Data excerpts

○ ○ ○ ○ ○ ○ ○

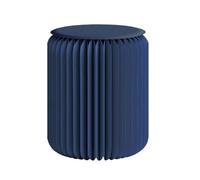 Tabouret pliable portable en nid d'abeille avec coussin Bleu élégant Chaise pliante Assemblage facile Design compact pour la maison et l'extérieur 36 x 44 cm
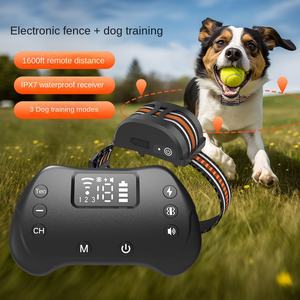 XWPET L3 Cerca electrónica inalámbrica Collar de descarga eléctrica para mascotas inteligente IP67 Impermeable Ecológico Control de ladridos> 20h - Product Image 2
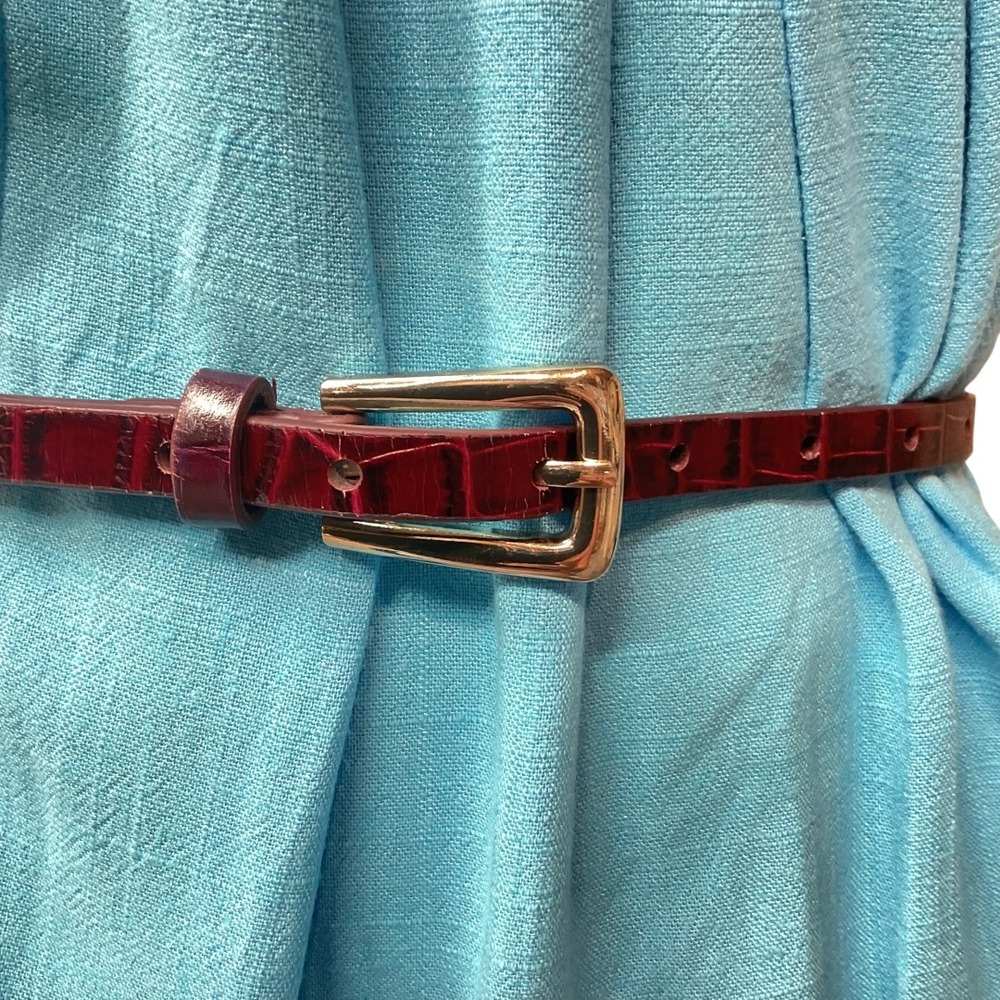 White House Black Market Leather Classic Adjustable Waist Metal Handwear Belt OS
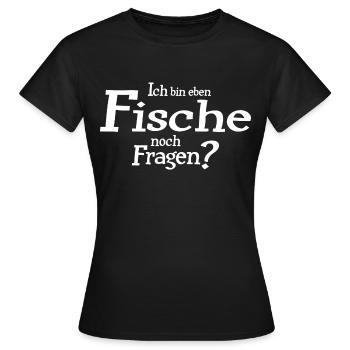 Sternzeichen Fische - Frauen T-Shirt - Schwarz - Vorne - AI Model Female 172 dark (172cm)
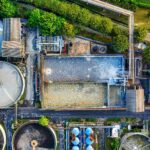 Is water the next target for disclosures to investors? Bird's Eye View of Wastewater Treatment Plant.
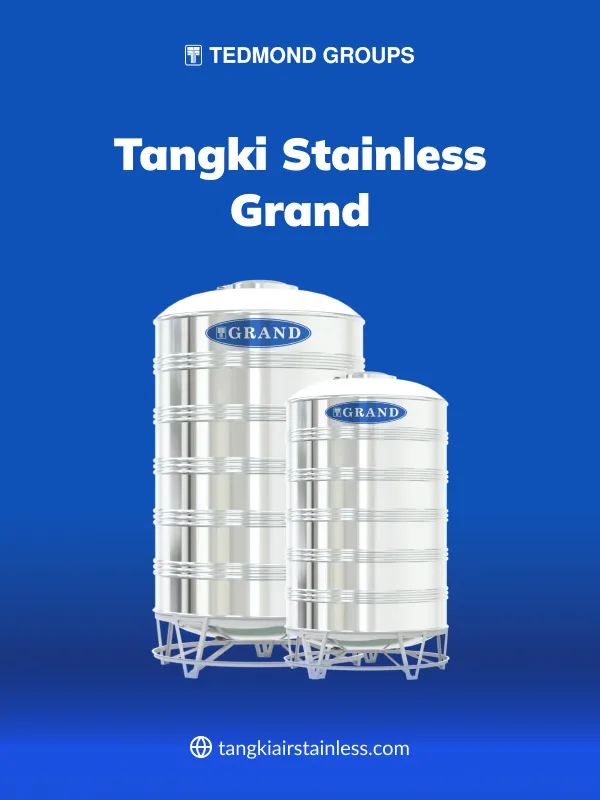 Rekomendasi Tangki Stainless utnuk Nutrisi Sistem Fertigasi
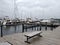 Boats harbor marina water lake dock nautical navy Michigan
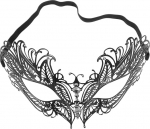 IMIKEYA Veneetsia mask: Elegantne must maskiball meestele ja naistele - maskeerimismask karnevali silmamask Luksuslik vintage n&auml;omask Fancy Dress Ball Party Karnevali jaoks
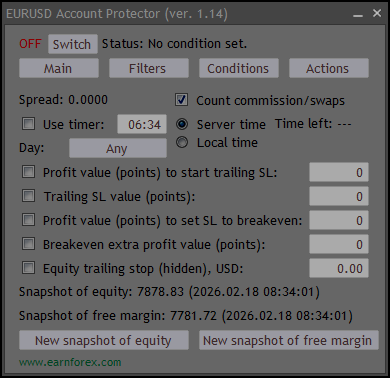Account Protector - Interface - Dark Mode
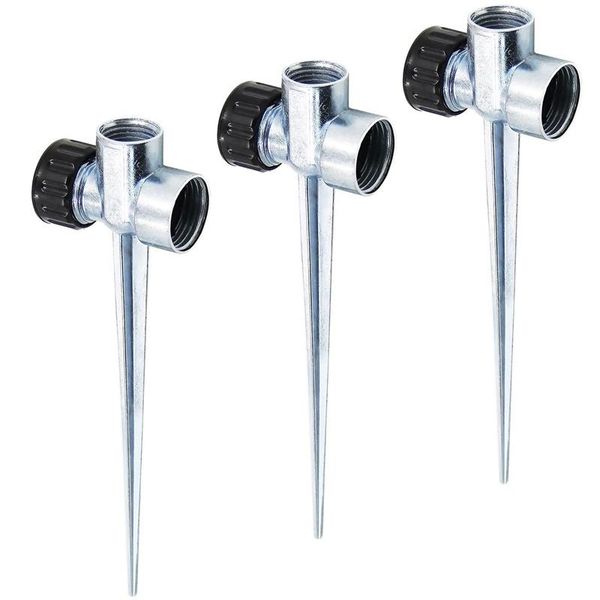 watering equipments 3 pack 1/2 inch zinc flow thru lawn sprinkler spike base, sprinklers for yard, and grass irrigation
watering equipments 3 pack 1/2 inch zinc flow thru lawn sprinkler spike base, sprinklers for yard, and grass irrigation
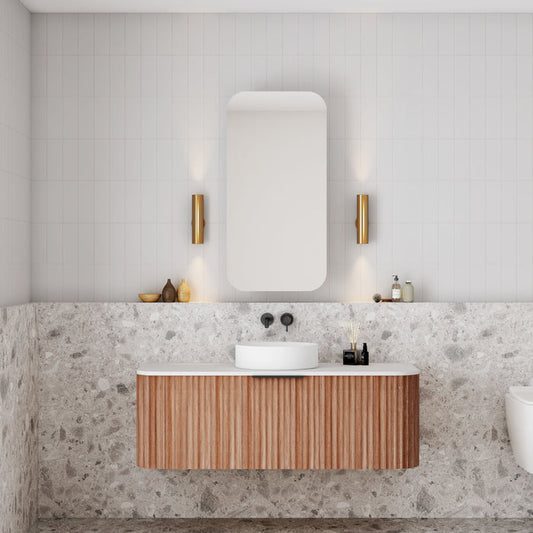 Rec 450mm Shaving Cabinet Matte White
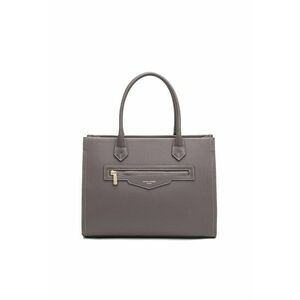 Geanta shopper din piele ecologica Erisma - Gri imagine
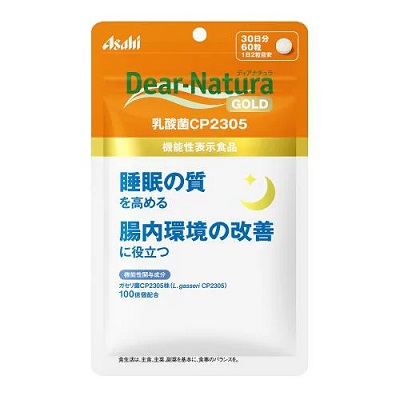 【アサヒグループ食品】ディアナチュラ ゴールド 乳酸菌CP2305 60粒 〔機能性表示食品〕 ※お取り寄せ商品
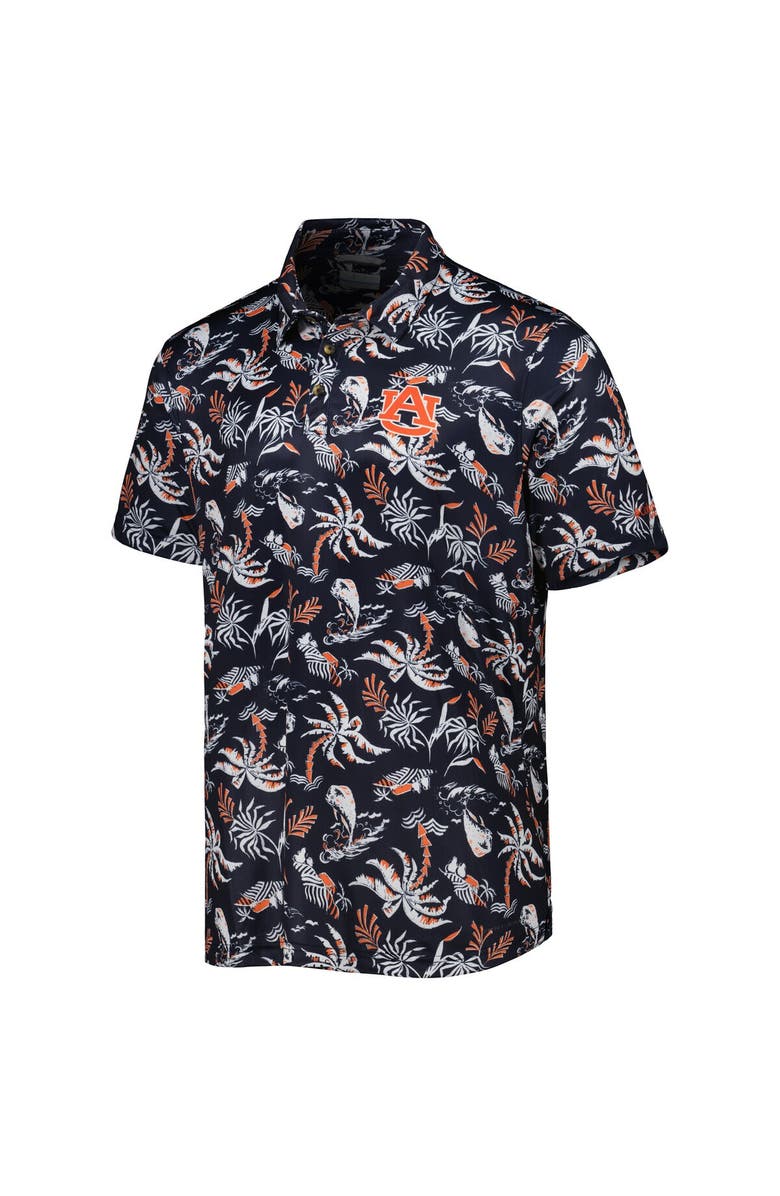 Columbia Men's Columbia Navy Auburn Tigers Super Terminal Tackle Omni-Shade Polo, Alternate, color, Navy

○ ○ ○ ○ ○ ○ ○

> _What the exercise asks_
Every line from the one with "Rec 450mm Shaving Cabinet Matte White" through the end of the records is to be reproduced exactly, and the pictures are to be left out.

> _Result of this exercise_
 Rec 450mm Shaving Cabinet Matte White
 Geanta shopper din piele ecologica Erisma - Gri imagine
 【アサヒグループ食品】ディアナチュラ ゴールド 乳酸菌CP2305 60粒 〔機能性表示食品〕 ※お取り寄せ商品
 Columbia Men's Columbia Navy Auburn Tigers Super Terminal Tackle Omni-Shade Polo, Alternate, color, Navy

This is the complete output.